NASA has made public a video and some photos of the surface of Venus, taken by the Parker Solar Probe on a flyby last year. Scientists hope the first images of this kind will help them learn more about the most earth-like planet in the solar system.
The US space agency’s Parker Solar Probe (PSP) took the images on two flybys of Venus in 2020 and 2021, but it wasn’t until Wednesday that a full analysis was published in the journal Geophysical Research Letters and announced on NASA’s website.
“Venus is the third brightest thing in the sky, but until recently we have not had much information on what the surface looked like because our view of it is blocked by a thick atmosphere,” said Brian Wood, physicist at the Naval Research Laboratory in Washington, DC, who was the lead author on the study. “Now, we finally are seeing the surface in visible wavelengths for the first time from space.”
The PSP was launched in 2018 with the mission of exploring the corona of the sun.
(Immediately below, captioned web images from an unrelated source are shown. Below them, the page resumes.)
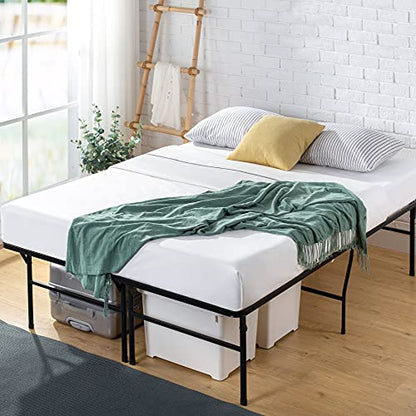 ZINUS Heavy Duty 18 Inch Metal Platform Bed Frame - Sturdy Mattress Foundation with Underbed Storage, King, Black - WoodArtSupply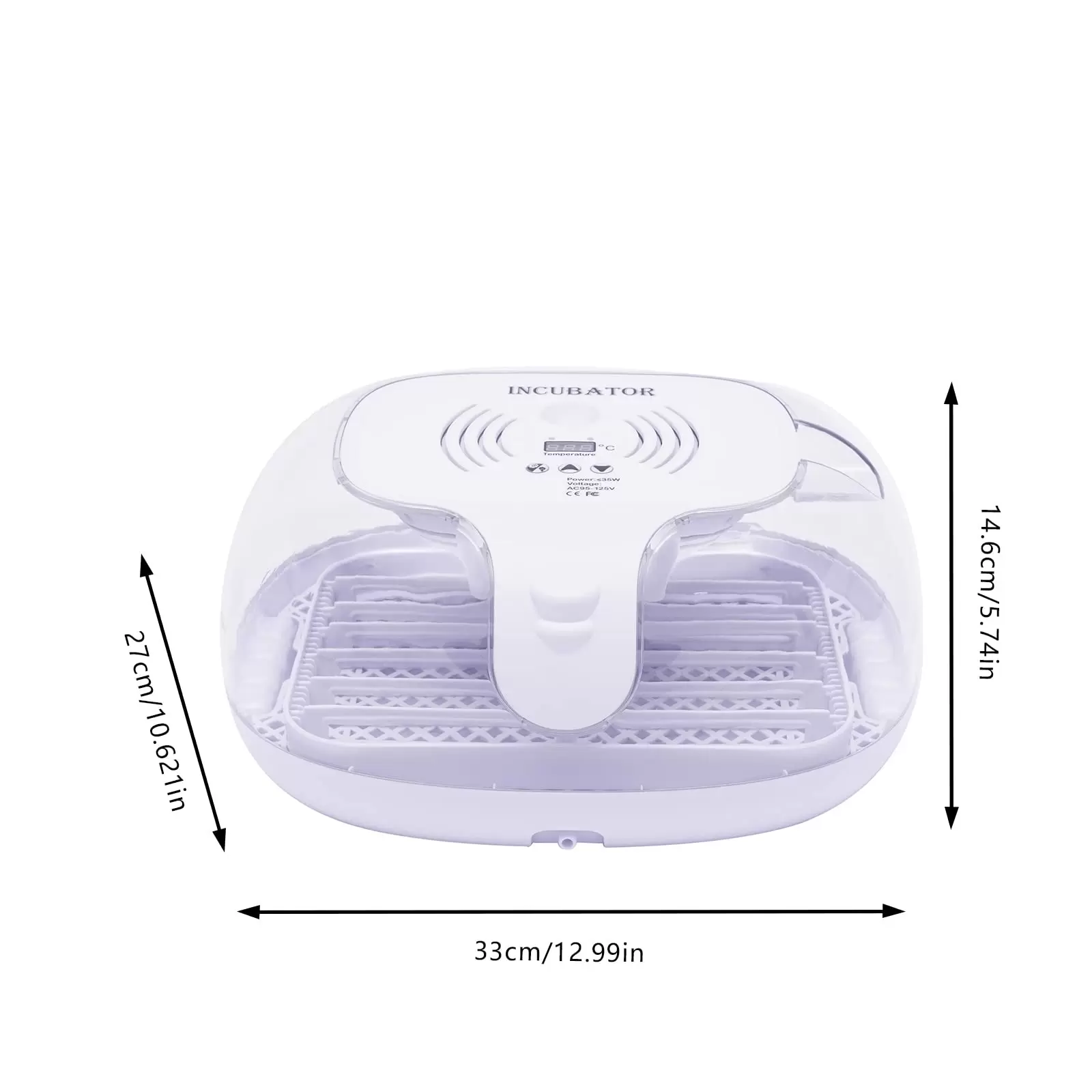 Incubator Small 16 LED Incubator with Chicken Incubator and Fully Automatic Egg Incubator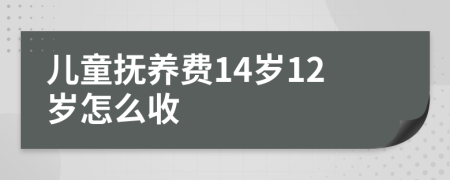 儿童抚养费14岁12岁怎么收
Its orbit has taken it past Venus on multiple occasions. Scientists wanted to use its wide-field imager device, called WISPR, to measure the speed of clouds on Venus. Instead, the probe “saw” through to the surface of the planet, during the July 2020 flyby.
So striking were the images, the WISPR team turned the cameras back on during the next flyby in February 2021, when the probe got a perfect view of the nightside of Venus.
“The images and video just blew me away,” Wood told NASA.
The probe revealed “a faint glow from the surface that shows distinctive features like continental regions, plains, and plateaus,” while a “luminescent halo of oxygen in the atmosphere can also be seen surrounding the planet,” according to NASA.